Silence. Not even a touch of wind to creak through branches. The light was fading, the forest turning dark.
“I have a few questions about Ella,” she said. “You all knew her, yeah?” She caught Hawk’s gaze, but he ducked away, scowling.
“No talk here,” said the large man, still standing uncomfortably close. He’d picked up the club again and now held it at his side.
“All right. Where should we talk?” Maybe they had a camp somewhere. A fire might be nice right about now. Everyone felt better around a campfire. With night coming on, the air was definitely chilled. This was nothing like the sticky heat of the marshes.
“Let’s go,” the man repeated.
“I’d be glad to. Where?”
They closed on her, quick and smooth, the wiry guy grabbing her pack off her shoulders, the pouch at her belt, another one gripping her arms and wrenching them back, yet another dropping a sack over her head, forcing her into darkness.
Her breath came fast and hot, too close to her ears, held in by felted wool. A coil of rope went around her wrists and tightened. She couldn’t move her arms at all now. Hands held her shoulders, clutching the fabric of her tunic.
They weren’t going to kill her, she reassured herself. If they meant to kill her, they’d have just done it. Could have put an arrow in her from fifty paces away and not gone through all this trouble.
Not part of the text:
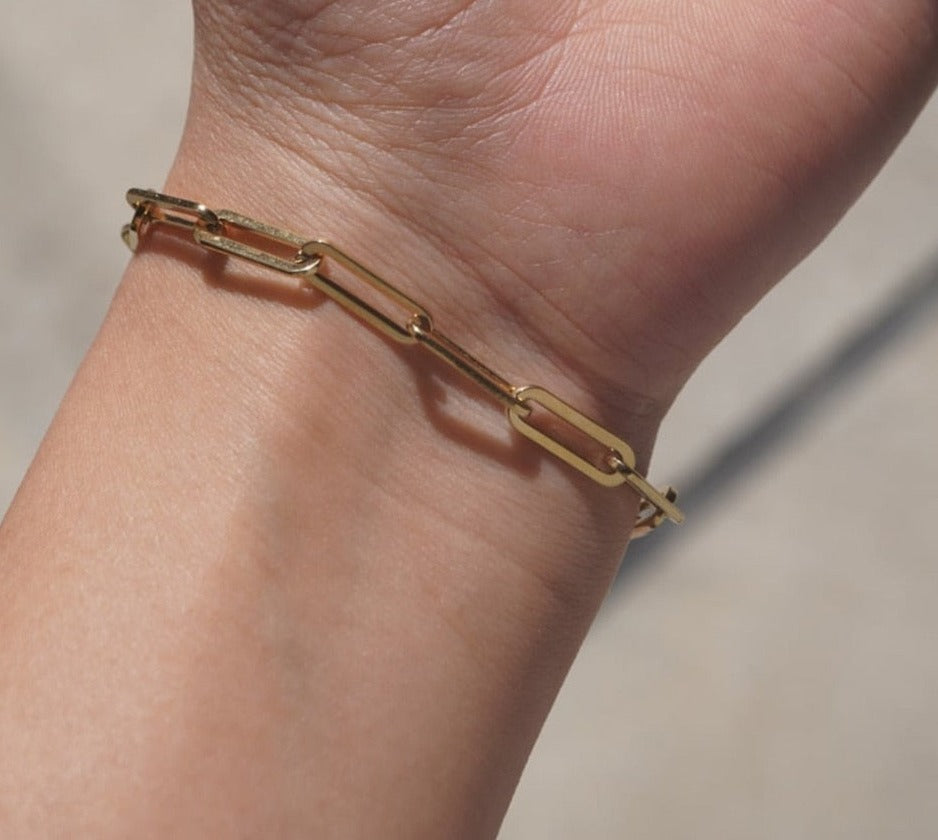 Aurora | 14k Gold Paperclip Bracelet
So they weren’t going to kill her.
Probably not.
Not yet.
Another loop went around her neck, and she gasped. They didn’t pull this one taut. Instead, they used it like a leash, tugging her forward.
“This way. Go on,” one of them said. Not Hawk, not the burly guy. She didn’t know who was speaking.
Her feet remained free, for all the good it did her. She stepped forward because she didn’t have a choice, feeling for the ground in front of her, her senses stretched to breaking. Hunched over, moving carefully as she could, she stayed quiet, didn’t struggle. The troop moved around her, setting a pace that was just a little too fast, but not so fast she couldn’t keep up. She was irrevocably off balance.